• ABOUT THIS EXERCISE: Everything from the line with "A small, modern" down to the line with "Union Jack Heart" below must be printed exactly, those two lines included. Exclude pictures.

• DATA PROVIDED:
■ ■ ■ ■ ■ ■ ■

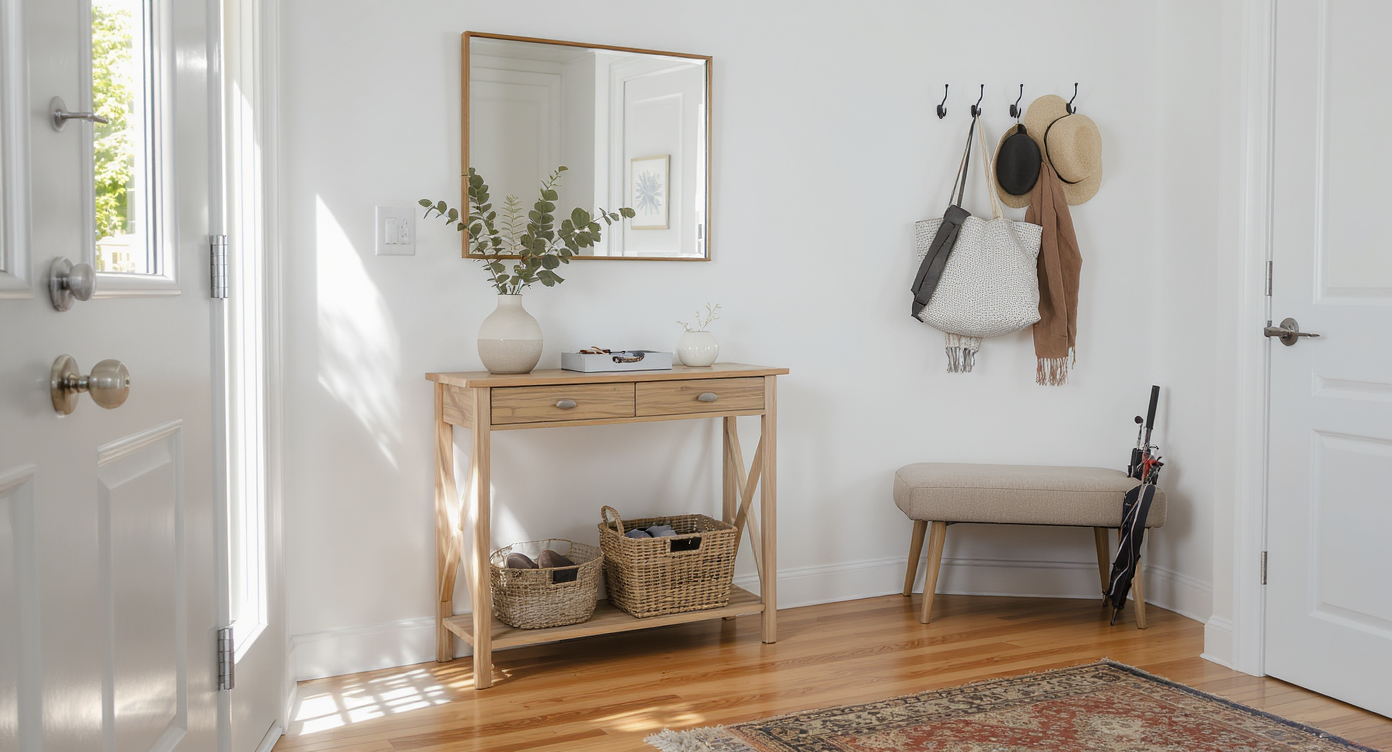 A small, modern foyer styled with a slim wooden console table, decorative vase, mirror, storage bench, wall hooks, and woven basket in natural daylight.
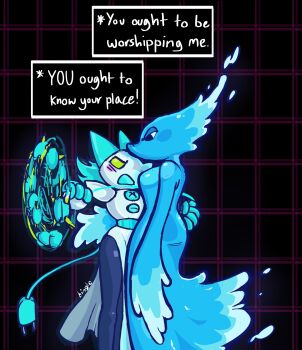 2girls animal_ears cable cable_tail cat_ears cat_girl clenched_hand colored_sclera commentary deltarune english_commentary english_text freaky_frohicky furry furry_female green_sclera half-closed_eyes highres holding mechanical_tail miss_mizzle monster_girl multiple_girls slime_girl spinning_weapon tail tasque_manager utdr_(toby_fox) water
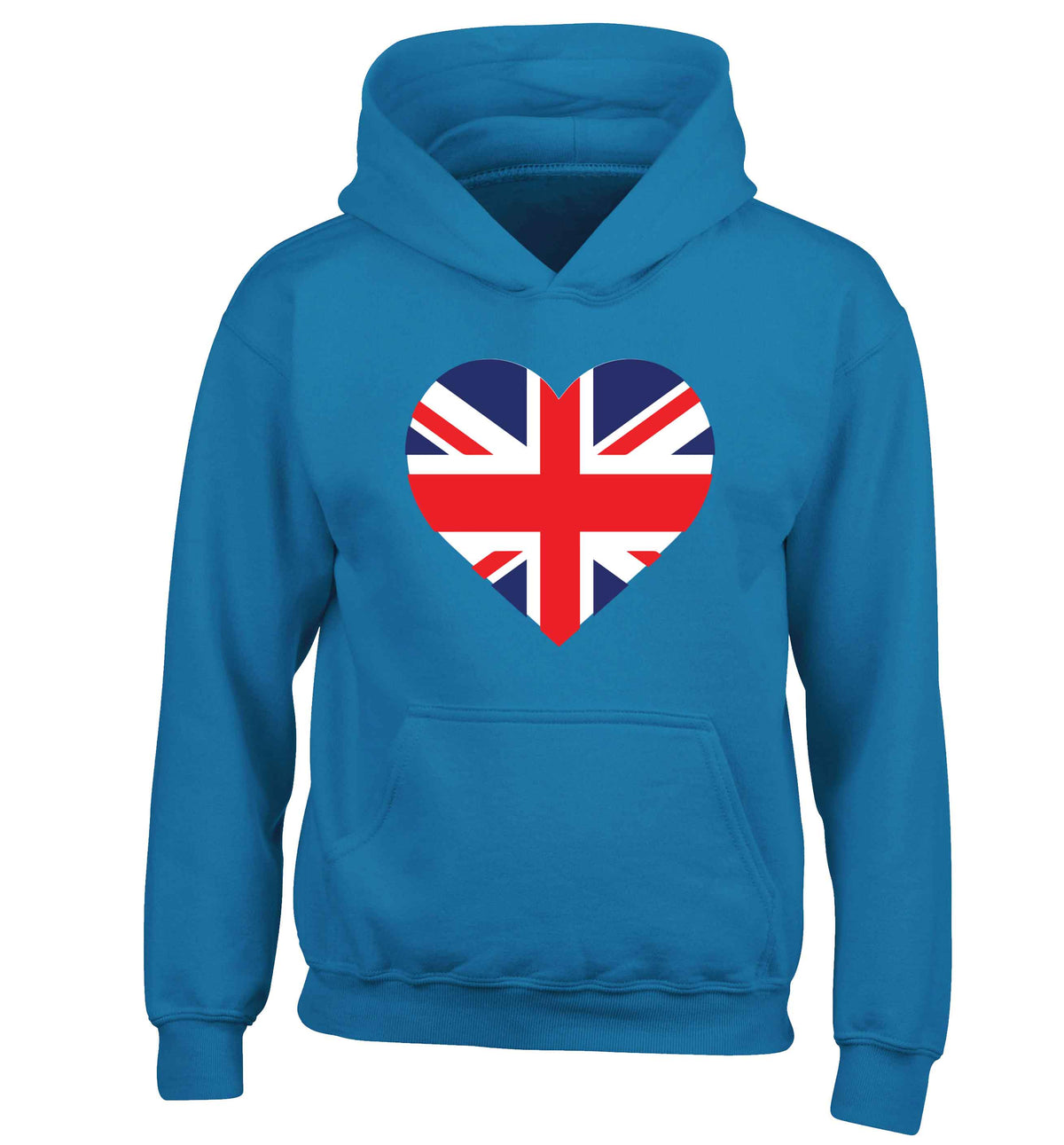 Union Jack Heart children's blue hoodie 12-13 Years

■ ■ ■ ■ ■ ■ ■

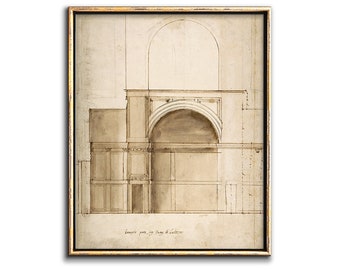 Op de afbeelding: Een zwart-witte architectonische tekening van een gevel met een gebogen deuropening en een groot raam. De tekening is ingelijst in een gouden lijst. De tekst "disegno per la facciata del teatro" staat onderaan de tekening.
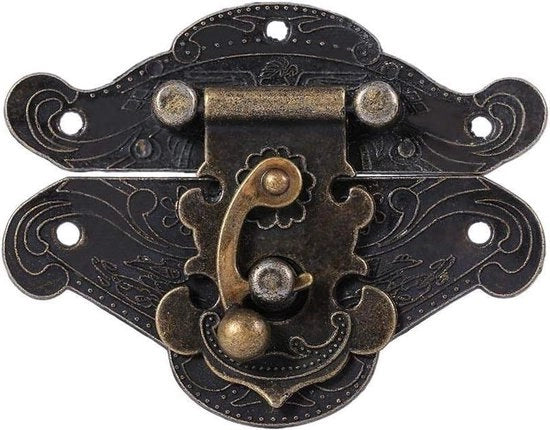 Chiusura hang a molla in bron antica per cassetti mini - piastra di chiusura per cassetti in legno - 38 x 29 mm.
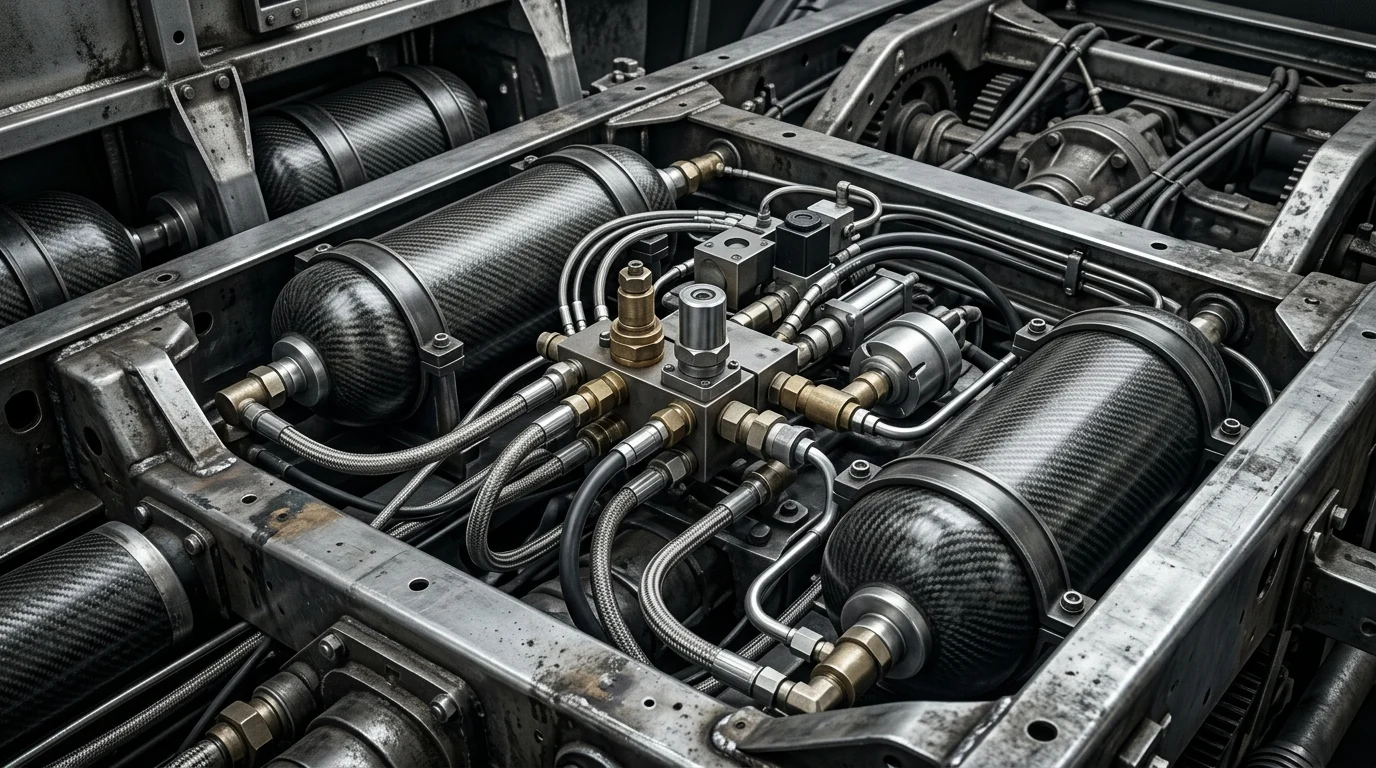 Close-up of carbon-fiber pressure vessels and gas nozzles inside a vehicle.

■ ■ ■ ■ ■ ■ ■

• WORKED SOLUTION:
 A small, modern foyer styled with a slim wooden console table, decorative vase, mirror, storage bench, wall hooks, and woven basket in natural daylight.
 2girls animal_ears cable cable_tail cat_ears cat_girl clenched_hand colored_sclera commentary deltarune english_commentary english_text freaky_frohicky furry furry_female green_sclera half-closed_eyes highres holding mechanical_tail miss_mizzle monster_girl multiple_girls slime_girl spinning_weapon tail tasque_manager utdr_(toby_fox) water
 Union Jack Heart children's blue hoodie 12-13 Years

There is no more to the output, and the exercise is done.